L'opposition officielle, qui ne s'était toujours pas positionnée dans le dossier, a choisi de le faire, mercredi.

Le critique péquiste en matière d'affaires municipales, Daniel Ratthé, n'est pas contre la réduction du nombre de conseillers dans la capitale. Mais il croit qu'il vaudrait mieux changer la Loi sur les élections et les référendums dans les municipalités plutôt que de modifier une loi omnibus pour satisfaire uniquement la capitale et la Ville de Longueuil.

«Québec veut qu'on fasse une exception, et il y en a peut-être d'autres qui vont venir nous demander la même chose, note M. Ratthé. Est-ce qu'il va y avoir continuellement des omnibus pour faire exception aux critères de la loi? Je pense qu'on procède un peu à l'envers.»

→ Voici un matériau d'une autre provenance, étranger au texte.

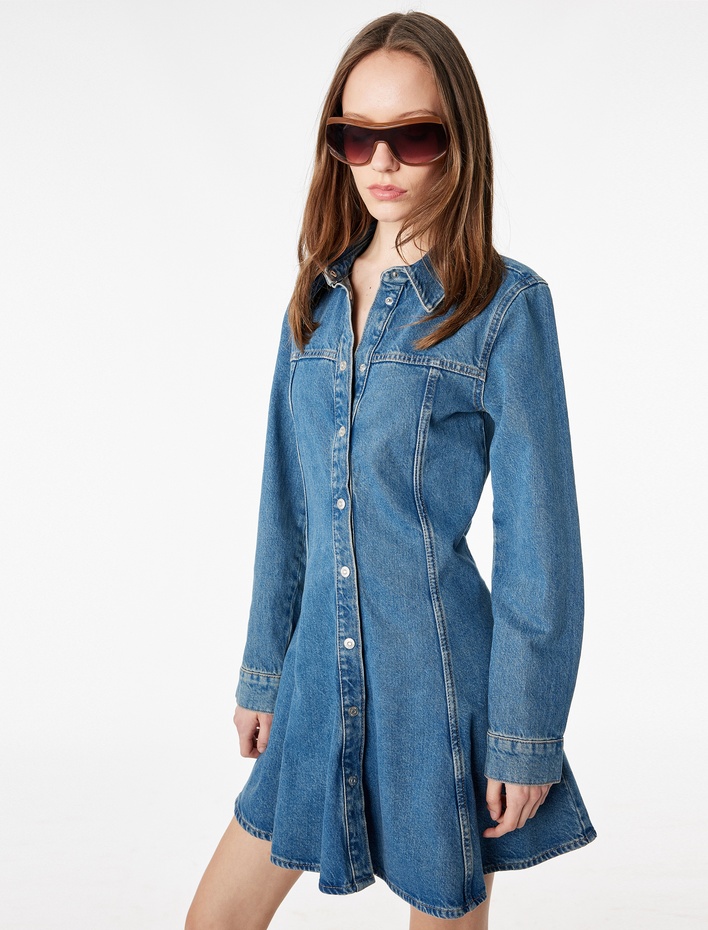  Pamuklu Uzun Kollu Klasik Yaka Düğmeli Volanlı Mini Denim Elbise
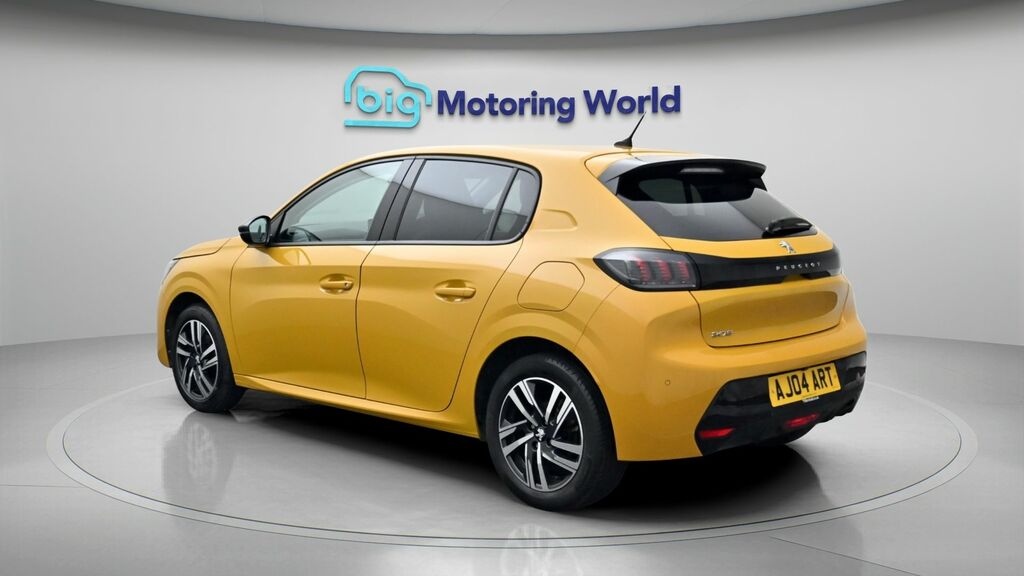 Peugeot 208 Allure Premium Yellow #5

Outre Québec et Longueuil, d'autres villes - Sherbrooke, Gatineau et Montréal - songent à amincir leur conseil municipal, souligne M. Ratthé. «Là, on s'en va directement dans des exceptions par-dessus des exceptions, et je pense que ça devient un peu ridicule», soutient-il.

Adapter d'abord la loi

Le PQ propose plutôt de prendre le temps d'adapter la loi existante, qui date de 1987. Si la chose n'est pas faite, plaide le critique péquiste, les villes qui désirent aller de l'avant ne pourront modifier leur conseil avant les élections de 2017.

«Pourquoi on ne bouge pas rapidement, qu'on ne s'assoit pas dès les prochaines semaines? demande le député. Qu'on regarde les critères, qu'on voit comment on peut les modifier pour faire en sorte qu'ils soient mieux adaptés.»

Par la suite, les maires qui auront une résolution de leur conseil, l'appui de leur population et qui respecteront les critères de la loi pourraient procéder à une réduction conforme, affirme M. Ratthé.

«Les choses ont changé. Les réalités sont différentes. Pour des questions d'efficacité et d'économies, les municipalités veulent revoir à la baisse le nombre de districts électoraux.» Selon lui, il serait possible d'étirer les discussions jusqu'au mois de mars pour faire le tour de la question, mais laisser le temps aux municipalités de revoir leurs districts avant le prochain scrutin.

Lundi, le ministre des Affaires municipales, Laurent Lessard, a fait savoir qu'il désire rencontrer de nouveau Régis Labeaume pour lui parler de son plan de réduction du nombre de conseillers à Québec.